Available data START
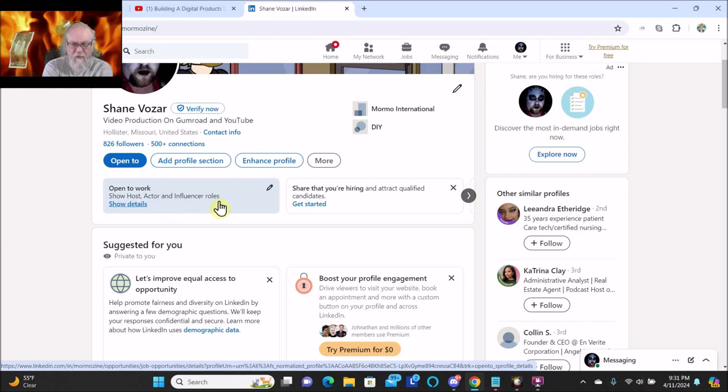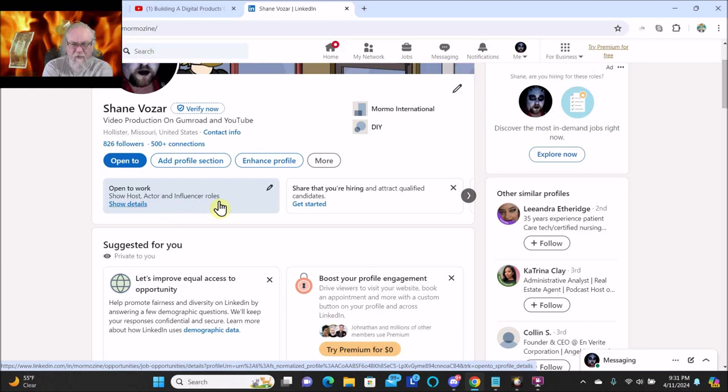Open to work as show host, actor, and influencer roles.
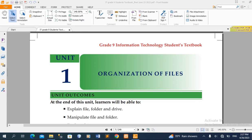Hello everyone, welcome to the ICT team. I'm going to talk to you about the organization of files. Thank you so much for joining us.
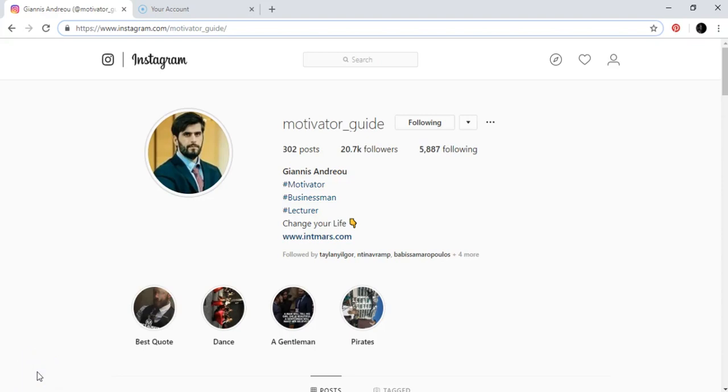Hey guys, this is another video and in this video I'm going to show you how to start your Instagram account. Let's say you don't have any posts or you have some posts that are not so good, they are not high quality or beautiful.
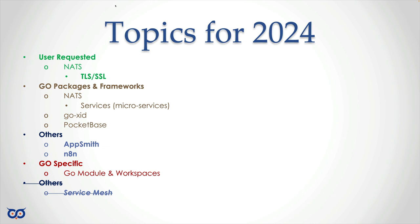Then go into the NATS services stuff, GoXID, PocketBase. PocketBase is really interesting—it's this Go application but it's actually like a full-fledged application to give you everything you need to run a microservice and then use, including storage, API calls, all this other stuff. You essentially just have to drop your pages, whether it's HTML or whatever, React pages, Next.js pages, in this directory, and then you can have a full-fledged application, a full-stack application built on Go. It's really cool. I want to cover AppSmith, and then maybe n8n. I anticipate something like two or three videos each, and then jump into the Go Module and Workspaces stuff. In terms of Service Mesh, I'll keep it but put a cross through it just to say we may not get to it this year.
Available data END
- Goal of the exercise -
Give the data again exactly, without pictures.

- Result below -
Open to work as show host, actor, and influencer roles.
Hello everyone, welcome to the ICT team. I'm going to talk to you about the organization of files. Thank you so much for joining us.
Hey guys, this is another video and in this video I'm going to show you how to start your Instagram account. Let's say you don't have any posts or you have some posts that are not so good, they are not high quality or beautiful.
Then go into the NATS services stuff, GoXID, PocketBase. PocketBase is really interesting—it's this Go application but it's actually like a full-fledged application to give you everything you need to run a microservice and then use, including storage, API calls, all this other stuff. You essentially just have to drop your pages, whether it's HTML or whatever, React pages, Next.js pages, in this directory, and then you can have a full-fledged application, a full-stack application built on Go. It's really cool. I want to cover AppSmith, and then maybe n8n. I anticipate something like two or three videos each, and then jump into the Go Module and Workspaces stuff. In terms of Service Mesh, I'll keep it but put a cross through it just to say we may not get to it this year.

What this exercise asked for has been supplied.